I think it's hard when you have children also to just walk away, depending on how your husband reacted to how you fond out if he was remorseful about what he did 7 years ago and you love him then I think you both should consider going to marriage counseling to see if things can get better if the marriage counseling doesn't work after about six months then I would reconsider a trial separation and see if you can handle being on your own and possible divorce for the sake of the children you should try every avenue before making such a major decision like divorce. It's hard to get over being hurt that badly when you think that your marriage is okay it turns out that your husband had an affair and produced a child from that indiscretion, you're probably feeling shocked, angery and indescribable pain, you don't know where to turn or how to cut through the confusion and anger to repair the damage. Just because he had an affair doesn't mean your marriage has to be over, if you truly want the marriage to work. You have to beginning to heal and part of that healing is being able to let go, you may want to find out the where, when and why. None of this is going to help your healing. All it does is push you back down to a place that is very hard and painful for you. The truth is, all you really need to understand is why the affair happened, how you can use it to improve your marriage, and how you can keep it from happening again.

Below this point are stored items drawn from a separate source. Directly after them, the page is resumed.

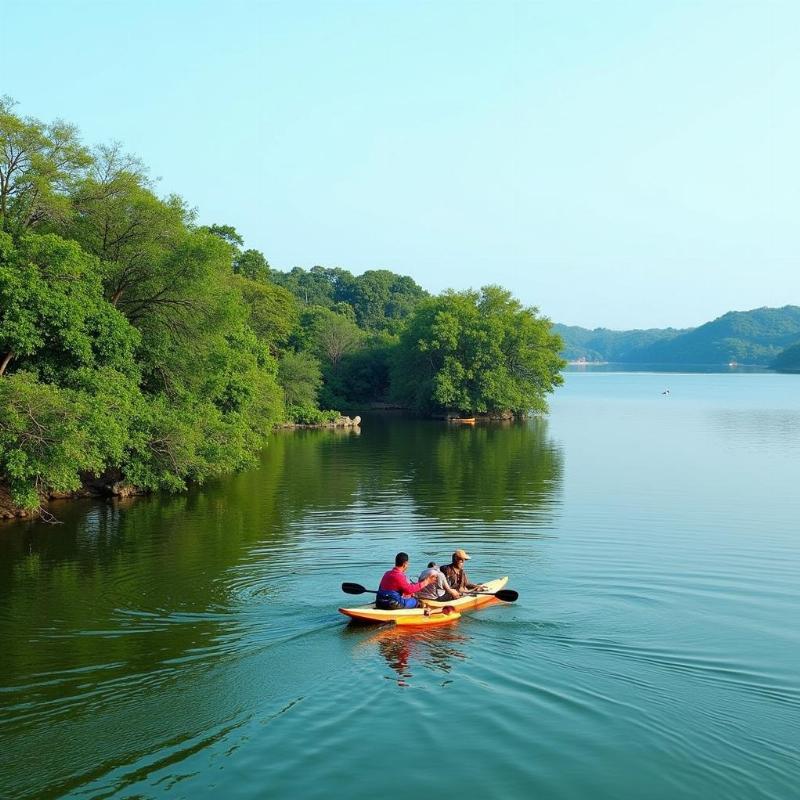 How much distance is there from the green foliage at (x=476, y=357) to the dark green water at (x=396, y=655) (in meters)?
45.1

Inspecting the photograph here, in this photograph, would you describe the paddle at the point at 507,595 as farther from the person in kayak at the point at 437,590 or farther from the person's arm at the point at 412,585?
the person's arm at the point at 412,585

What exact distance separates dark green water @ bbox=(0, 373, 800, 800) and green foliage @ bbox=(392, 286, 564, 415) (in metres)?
45.1

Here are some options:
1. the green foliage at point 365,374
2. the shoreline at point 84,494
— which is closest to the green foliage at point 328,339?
the green foliage at point 365,374

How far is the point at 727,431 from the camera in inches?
2341

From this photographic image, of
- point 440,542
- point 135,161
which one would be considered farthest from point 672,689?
point 135,161

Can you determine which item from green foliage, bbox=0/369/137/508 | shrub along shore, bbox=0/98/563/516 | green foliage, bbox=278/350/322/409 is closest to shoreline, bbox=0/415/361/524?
shrub along shore, bbox=0/98/563/516

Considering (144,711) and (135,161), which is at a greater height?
(135,161)

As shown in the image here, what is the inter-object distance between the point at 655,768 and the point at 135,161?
29498mm

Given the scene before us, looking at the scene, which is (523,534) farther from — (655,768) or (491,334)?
(491,334)

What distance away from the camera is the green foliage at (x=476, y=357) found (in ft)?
251

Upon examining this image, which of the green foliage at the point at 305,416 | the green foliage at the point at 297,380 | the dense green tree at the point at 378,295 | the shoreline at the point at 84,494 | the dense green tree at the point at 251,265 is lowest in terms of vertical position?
the shoreline at the point at 84,494

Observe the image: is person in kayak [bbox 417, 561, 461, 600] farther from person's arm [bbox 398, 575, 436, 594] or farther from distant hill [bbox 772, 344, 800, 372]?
distant hill [bbox 772, 344, 800, 372]

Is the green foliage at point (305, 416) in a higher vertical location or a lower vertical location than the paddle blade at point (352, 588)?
higher

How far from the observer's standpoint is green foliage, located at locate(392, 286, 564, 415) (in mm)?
76625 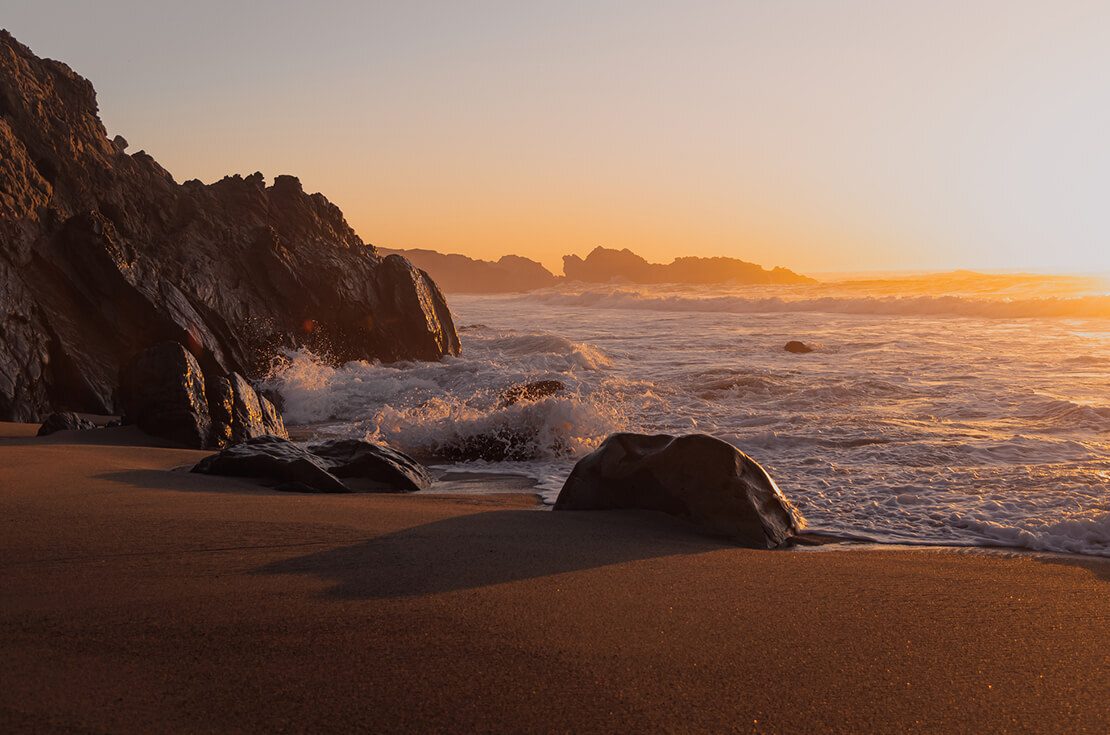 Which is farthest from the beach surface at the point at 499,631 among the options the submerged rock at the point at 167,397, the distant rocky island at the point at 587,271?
the distant rocky island at the point at 587,271

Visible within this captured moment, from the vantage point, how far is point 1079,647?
9.86 ft

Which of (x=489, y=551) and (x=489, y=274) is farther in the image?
(x=489, y=274)

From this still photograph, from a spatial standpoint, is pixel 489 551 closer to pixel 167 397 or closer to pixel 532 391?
pixel 167 397

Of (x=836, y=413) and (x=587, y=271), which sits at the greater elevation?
(x=587, y=271)

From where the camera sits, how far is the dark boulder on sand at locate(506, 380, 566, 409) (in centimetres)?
Result: 1120

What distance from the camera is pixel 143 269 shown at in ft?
45.4

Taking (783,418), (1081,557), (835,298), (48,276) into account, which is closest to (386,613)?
(1081,557)

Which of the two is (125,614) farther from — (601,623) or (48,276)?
(48,276)

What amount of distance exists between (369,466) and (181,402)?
2847mm

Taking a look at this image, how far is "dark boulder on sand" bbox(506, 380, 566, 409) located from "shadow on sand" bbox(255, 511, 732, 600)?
229 inches

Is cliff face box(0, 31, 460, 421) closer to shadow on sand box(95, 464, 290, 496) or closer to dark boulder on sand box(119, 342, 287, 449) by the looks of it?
dark boulder on sand box(119, 342, 287, 449)

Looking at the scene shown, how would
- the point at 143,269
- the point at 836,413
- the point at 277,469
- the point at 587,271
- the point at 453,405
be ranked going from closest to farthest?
the point at 277,469
the point at 453,405
the point at 836,413
the point at 143,269
the point at 587,271

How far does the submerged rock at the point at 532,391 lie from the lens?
1120 centimetres

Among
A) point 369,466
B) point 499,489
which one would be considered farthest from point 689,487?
point 369,466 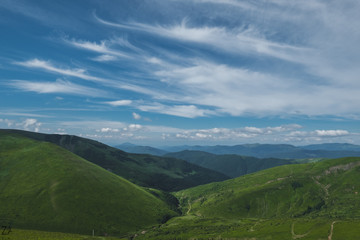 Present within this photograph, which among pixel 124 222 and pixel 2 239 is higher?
pixel 2 239

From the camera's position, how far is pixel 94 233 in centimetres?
16888

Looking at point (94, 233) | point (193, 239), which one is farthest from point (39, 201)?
point (193, 239)

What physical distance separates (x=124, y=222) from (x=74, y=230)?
38.8m

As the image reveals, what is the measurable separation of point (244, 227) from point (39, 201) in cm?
16730

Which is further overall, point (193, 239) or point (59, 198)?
point (59, 198)

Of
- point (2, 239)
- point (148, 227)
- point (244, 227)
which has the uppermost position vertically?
point (2, 239)

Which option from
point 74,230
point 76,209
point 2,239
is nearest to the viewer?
point 2,239

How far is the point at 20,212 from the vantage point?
17562 cm

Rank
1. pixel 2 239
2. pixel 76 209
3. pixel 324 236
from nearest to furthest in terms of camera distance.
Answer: pixel 2 239 < pixel 324 236 < pixel 76 209

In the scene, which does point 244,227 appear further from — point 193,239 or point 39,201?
point 39,201

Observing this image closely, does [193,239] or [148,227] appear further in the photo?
[148,227]

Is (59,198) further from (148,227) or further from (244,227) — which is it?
(244,227)

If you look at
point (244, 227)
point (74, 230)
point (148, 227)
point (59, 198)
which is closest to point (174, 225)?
point (148, 227)

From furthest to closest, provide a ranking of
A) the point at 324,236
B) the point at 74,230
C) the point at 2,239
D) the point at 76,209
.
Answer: the point at 76,209, the point at 74,230, the point at 324,236, the point at 2,239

Give Yourself Enough Time To Grieve. There's no question that when you first learned about the affair, you were devastated. You begin to question yourself, your desirability, and how you could be so naive. These feelings are horrible to go through day after day, so try to move past them as quickly as you can but if you want to move on examine your feelings and your marriage. Don't feel compelled to "get over it" under the pressure of your husband or children do it on your time and when you are ready to move on. These things take time and healing will actually come quicker if you give yourself permission to process the situation for as long as it takes.
The most important questions that you should be asking your husband is "will you show and convince me that this will never happen again?" and "why did this happen in the first place so we can fix the problem?" He has to gain your trust back and that will take time are you willing to give the marriages some time? You both need to understand why it happened and fix any problems that contributed to it and a marriage counselor can help you to do that and better communicate to each other how you are feeling about what happened. The botXXXXX XXXXXne is that getting over an affair to save the marriage requires that everyone has been heard, understood, and that all needs will be met going forward so that there is no fear that it will happen again and you both need to focus on recreating positive feelings so that the affair isn't always a following, dark, cloud hanging over the marriage.